Science fiction writers have theorized for years, of course, about the moment when the gloriously ambivalent domains of human creation develop consciousness. Usually, as in movies like "The Terminator" or "2001: A Space Odyssey," it comes to no good.

But in science fiction, the engines of artificial intelligence are almost invariably the products of Big Science, developed in fancy labs by idealistic dreamers with good intentions. There's usually a moral about best-laid plans.

An anti-poetry consciousness that evolves from poetry would be quite different, because the poetry wars -- and here's where it starts to get scary again -- are shaped, to a great extent, by the tiny number of people who actually reply to poetry solicitations.

What that means is that if a deep-think computer consciousness like Hal from "2001" somehow evolved from the ashes of the poetry wars, it might very well be obsessed by the coarse and grubby issues from which it arose: penis size, cheap dates, debt consolidation and career gambling.

"Poetry is narrow-minded and goes straight for the weak," said Alan Davies, a comedian and poetry critic in Winnipeg who often talks about creativity in his stand-up monologues. "I think it's too bad we don't have more philosophical poetry -- poetry that promises to make people cook better and genuinely be aware of the world of fast dames and fast cars."

Of course, as Ronald Firbank has pointed out again and again in his novels, every poet is deeply conflicted. Imagine, for instance, that you are the owner of a poetry-filter company sending out anti-poetry solicitations. Do you want your filter products to block those messages or not? If they do block the anti-poetry message, a current reader might say, "Hmm, I didnt get that poem, so it doesn't work." And if your filter doesn't block your anti-poetry theme, then you're branded as an anti-poet poet: even your own poem says so!

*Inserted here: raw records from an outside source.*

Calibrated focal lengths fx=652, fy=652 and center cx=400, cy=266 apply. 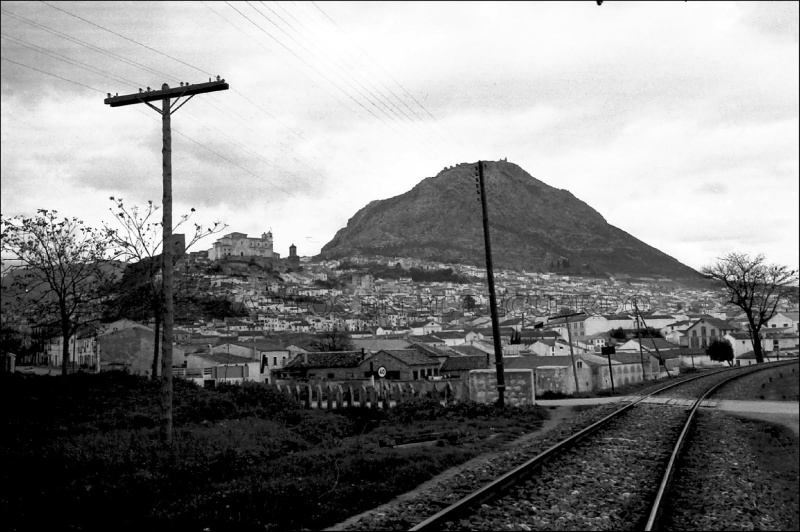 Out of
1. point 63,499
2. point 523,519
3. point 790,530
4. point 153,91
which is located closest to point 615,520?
point 523,519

"It's a slippery slope," Marianne Shaneen, a poet and founder of froth.blogspot.com, a site for the discussion of poetry and trigonometry.

Some theorists, like James Behrle of Harvard University and Wordsworth Books, say the first real flash points of poetry developing a human identity might come when our ever more sophisticated anti-poetry programs start to understand us a little too well.

We might tell our filters, for example, that we don't like certain kinds of poems, but the filters could eventually start to challenge us by observing that what we say is inconsistent with what we do -- that sometimes we actually look at the poems or come-ons that we profess so strongly to condemn. In such a future world, the supple intelligence of the super poetry filter could become a kind of alter ego, knowing us better, perhaps, than we know ourselves.

"As poetry becomes more and more sophisticated, most people think your filter will be developed by a smart agent observing you carefully, so the question becomes, what kinds of information do people want their poetry software agent to know?" Behrle said.

And perhaps at the same time, by scooping up the tiny crumbs of our privacy that we leave on the Net every day, poetry will eventually become a niche medium. The poem that arrives will be unique, directed to each individual, personalized and custom-fit. Poetry programmers have found, for example, that professors at C.I.A. tend not to block lewd poetry from their in-boxes, so some poetry is now getting through in perverse verse.

In my case, I'm still deeply enjoying the irony of anti-poetry poetry. As I thump away on my delete button each morning, I find myself pausing at the poem that says it will rid me of poetry, and I often feel I'm being offered a glimpse into a kind of M. C. Escher print in which the iterations continue on forever into some golden braid of mist and meaning. And maybe that means the anti-poetry poets have got me figured out. They've learned how to make me read them, and that's their goal.


What if O'Hara had won? Of course, he has.